Repetition and Replication: Yayoi Kusama’s ‘Accumulation No.14a’

Collage of hundreds of ‘VIA AIR MAIL’ stickers stuck on paper. Each rectangular sticker has a thin red stripe at its top and a thin blue stripe along its bottom. The text is also printed in blue.

Featuring hundreds of airmail stickers, Accumulation No.14a (1962) is an example of Kusama’s use of repetition in her artworks © YAYOI KUSAMA

An eye-blurring parade of red, white, and blue airmail stickers in this artwork is typical of works by Yayoi Kusama, in which the same objects are often accumulated in a tight formation. She once mentioned a childhood experience of seeing behind her house ‘a river upon which lay millions of white stones, the basis for a mysterious vision’. Her obsession with such a wonderfully-rich image has evolved into the signature style of repetition and replication across her body of work.

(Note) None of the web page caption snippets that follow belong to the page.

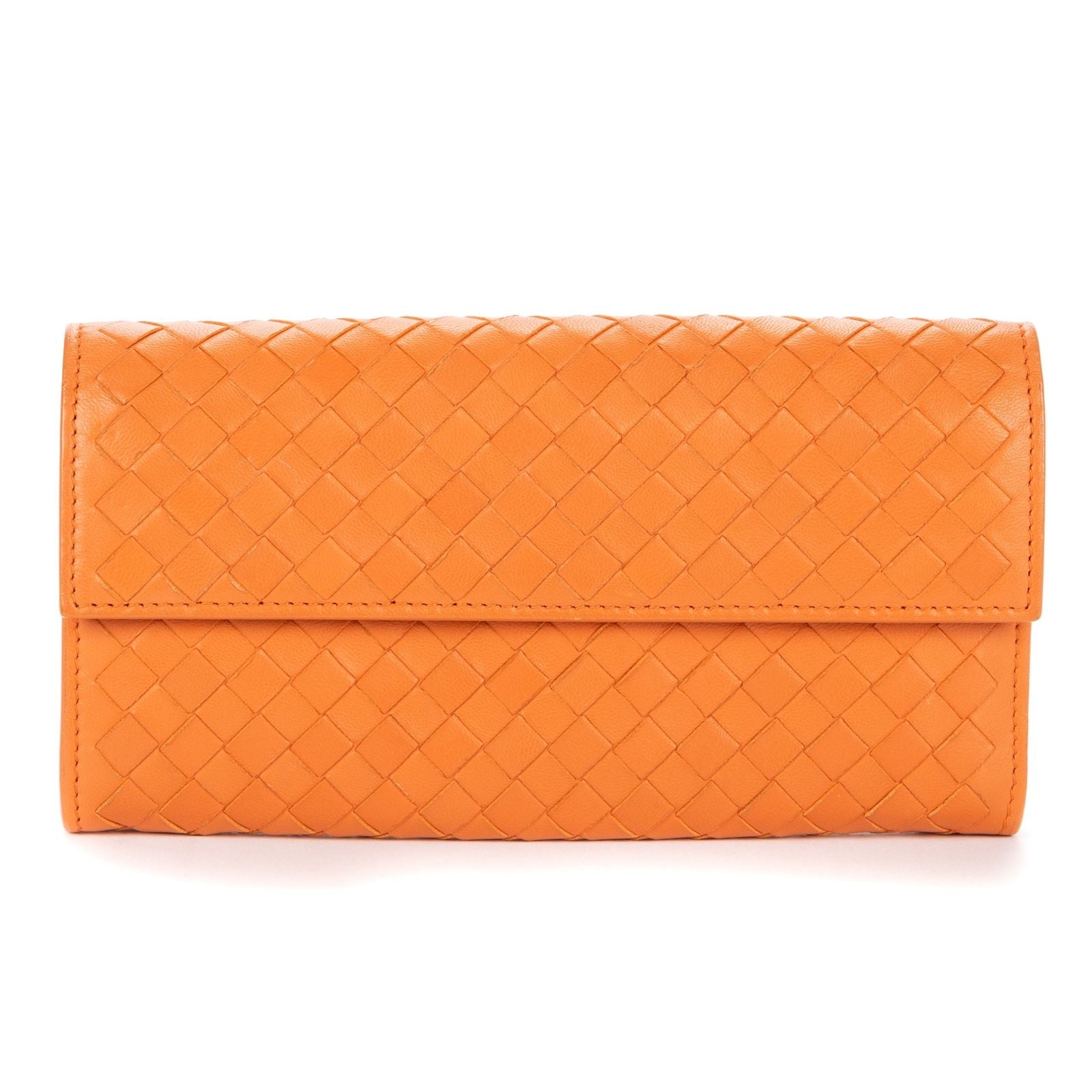 Bottega Venetal Flap Walletorange Intrecciato Calfskin Leathera Wallet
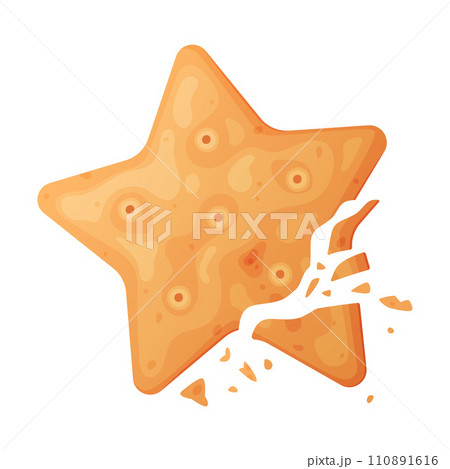 Crunchy Cracker Cookie as Dry Baked Flour Biscuit with Crumbs Vector Illustration 110891616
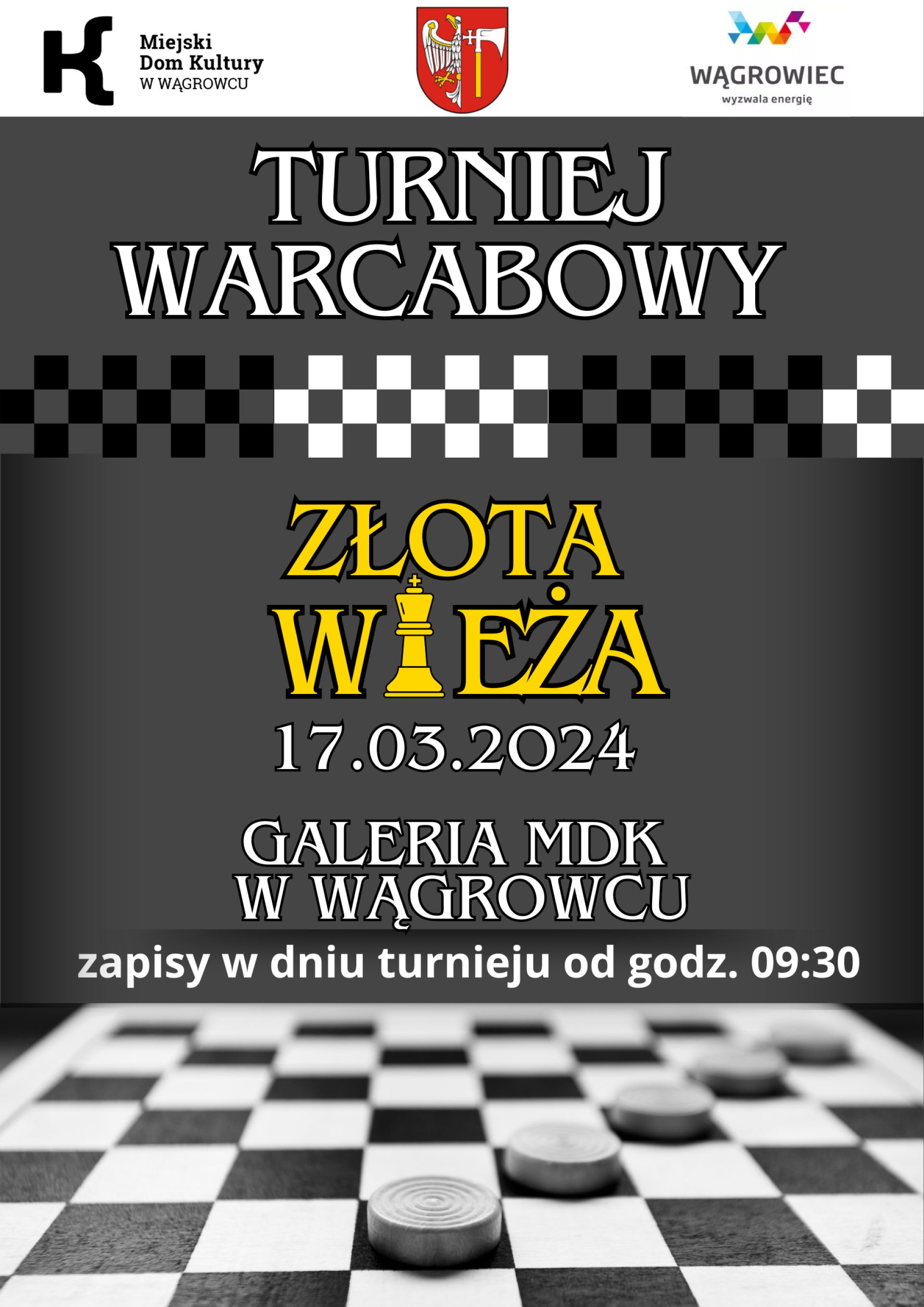 Turniej warcabowy "Złota Wieża" - zapraszamy do udziału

In the late 1950s, Kusama began filling a large canvas with tiny dots to produce a dizzying effect. This gave rise to her Infinity Nets series. Writing about the 10-metre-long painting Infinity Net in 1961, one critic observed: ‘She doesn't want her paintings to end.’ Later, Kusama transferred her obsession with repetition to three-dimensional objects and started covering household furniture and everyday items with numerous phallic protuberances. These works were subsequently known as the Accumulation series.

Detail of a collage artwork. Hundreds of "VIA AIR MAIL" stickers stuck on paper. Each rectangular sticker has a thin red stripe at its top and a thin blue stripe along its bottom. The text is also printed in blue.

Yayoi Kusama. Accumulation No.14a (detail), 1962. Airmail stickers on paper. M+, Hong Kong © YAYOI KUSAMA

In 1962, the artist hand-sewed hundreds of white stuffed-fabric forms to cover a run-of-the-mill armchair, making it the host of the ‘Accumulation’ theme and a seminal work of hers entitled Accumulation No.1. She also made use of a hotchpotch of materials to produce collages with a similar technique. This work featuring airmail stickers is a case in point. As a critique puts it, Kusama knows well ‘how to repeat a little element over and over again until a magnificent unity emerges.’[1]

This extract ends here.